1

I have a folder with about 10,000 images, I have a huge *.txt file as follows. The txt file has 30,000 lines. Each image has three lines, line (1) contains the image name for example "04406_8_074402.jpeg". Line (2) contains the image category, in this case, it is a cat, and --- to separate that information from the next line. It contains image file name/ path and image category:

for example:

Analysing Image: /path to image folder/images/04406_8_074402.jpeg
Object Class Presented: cat
----------------------------------
Analysing Image: /path to image folder/images/00009_8_071203.jpeg
Object Class Presented: dog
----------------------------------
Analysing Image: /path to image folder/images/04440_8_045244.jpeg
Object Class Presented: box
----------------------------------
Analysing Image: /path to image folder/images/00045_8_051505.jpeg
Object Class Presented: unclassified
.
.
.
.
.
----------------------------------
Analysing Image: /path to image folder/images/02290_8_073302.jpeg
Object Class Presented: panda 
----------------------------------

I need to categorize those images into different folders based on their class names.  I know I can read the txt file using:

with open('file.txt') as f:
    line = f.readline()
    while line:
        line = f.readline()
        print(line)

My question is how do I put those images into different folders based on their class names?  

  • Welcome to Stackoverflow. What you described is the python code for simply parsing the txt. The next thing would be to move (or copy) each image to a new directory. This directory will have folders and subfolders based on the class.
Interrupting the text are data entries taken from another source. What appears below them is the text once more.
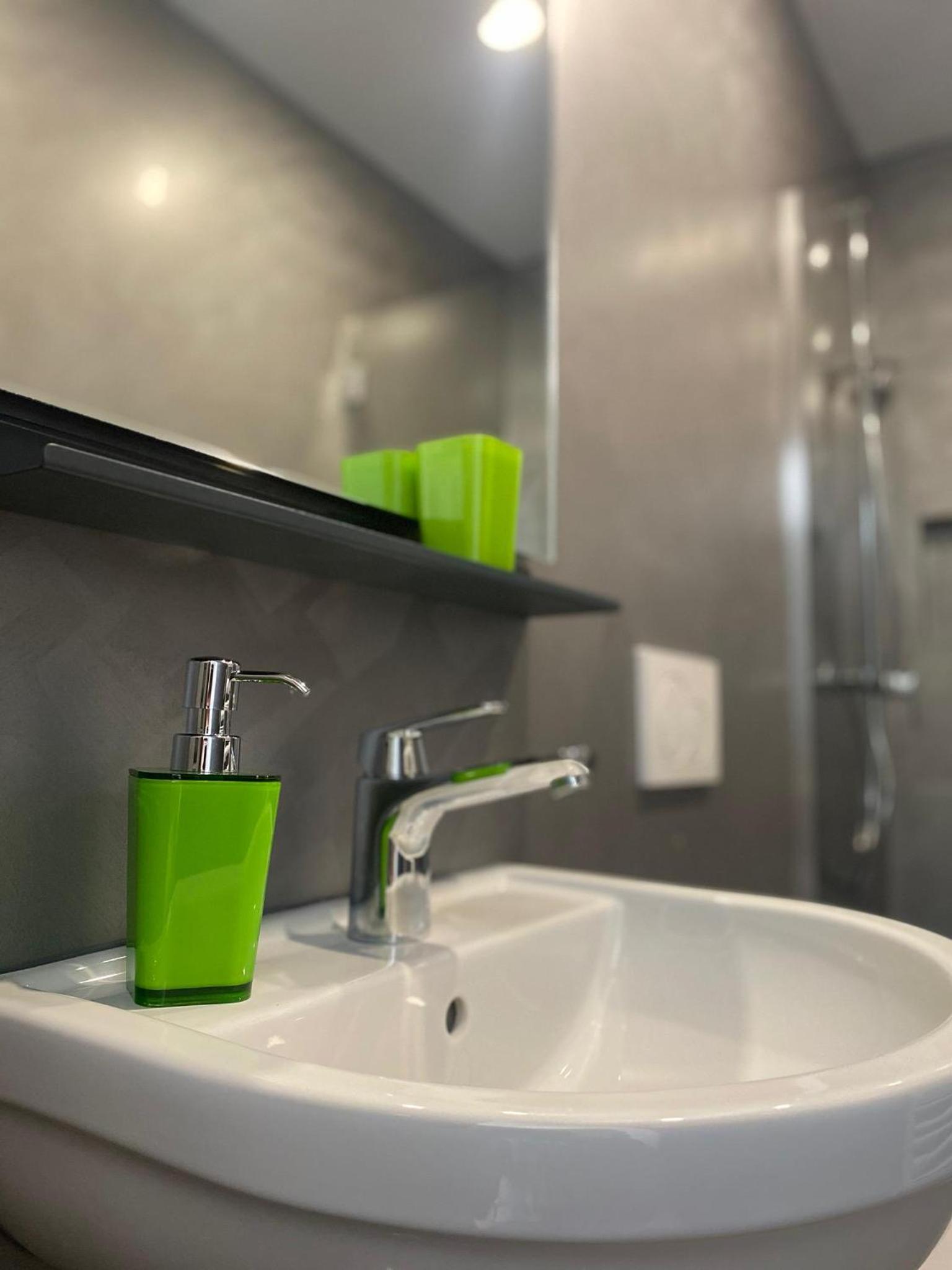 B&B Cà Nosa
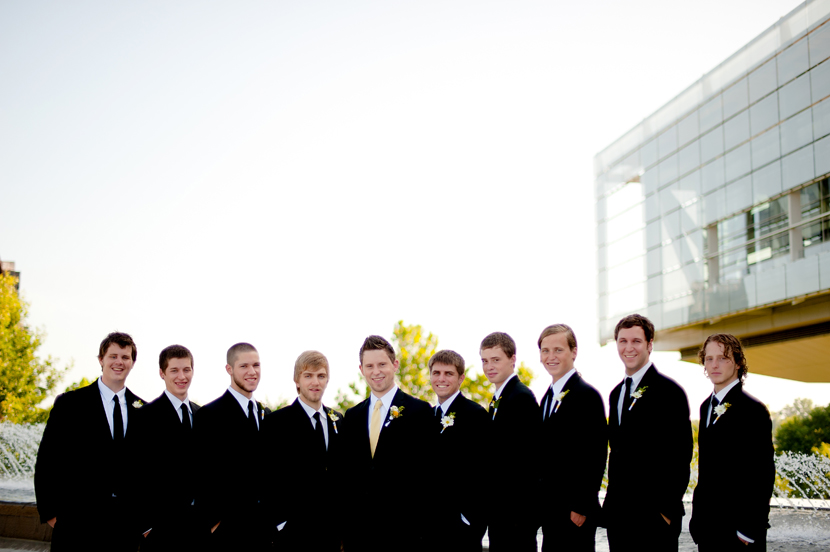 dsc_3175web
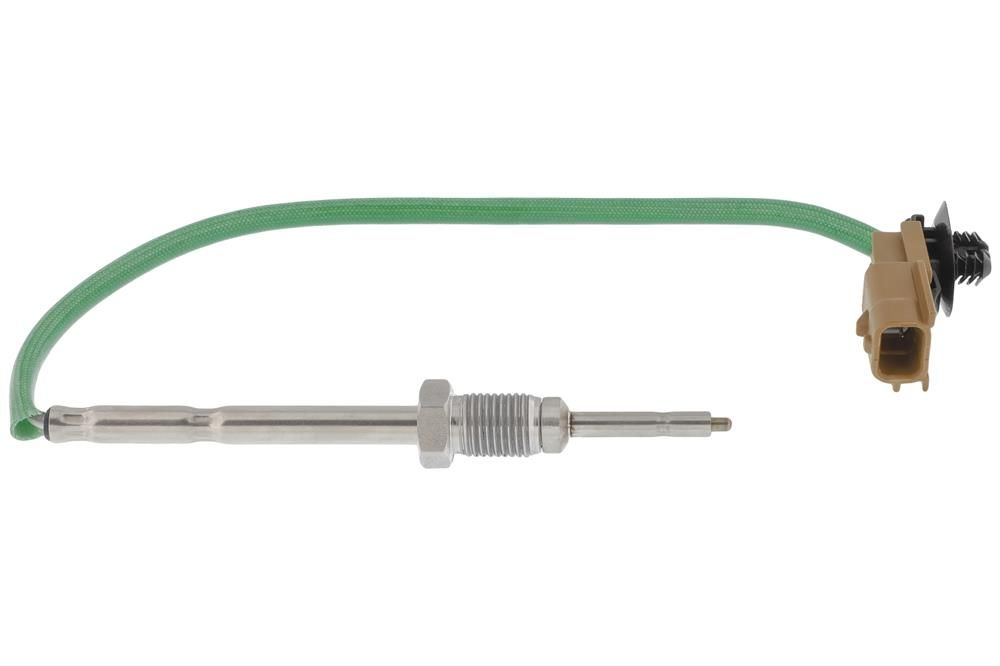 Sensor Abgastemperatur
However, before you do that, ensure which model/library you want to use, because some libraries are actually using this structure already for their dataloaders (for instance PyTorch). – GrigorisG Aug 03 '21 at 16:13
  • If you have 10,000 images and each one produces 3 lines of output, surely your text file should have 30,000 lines rather than 8,000? Or is there some possibility not mentioned? – Mark Setchell Aug 03 '21 at 16:55
  • Yes, it is 30,000, because each image has 3 lines. – programmer1234 Aug 03 '21 at 17:15

2 Answers2

2

I have compiled all the discussions here in this code. Please change the paths accordingly. In my code ..stack\main folder consisted all the images and I used the code below to read the ..stack\file.txt to move files based on class into ..\stack\main\cat and ..\stack\main\dog etc.

import os
import shutil
directory= r"C:\Users\VIDYA\Desktop\stack\main"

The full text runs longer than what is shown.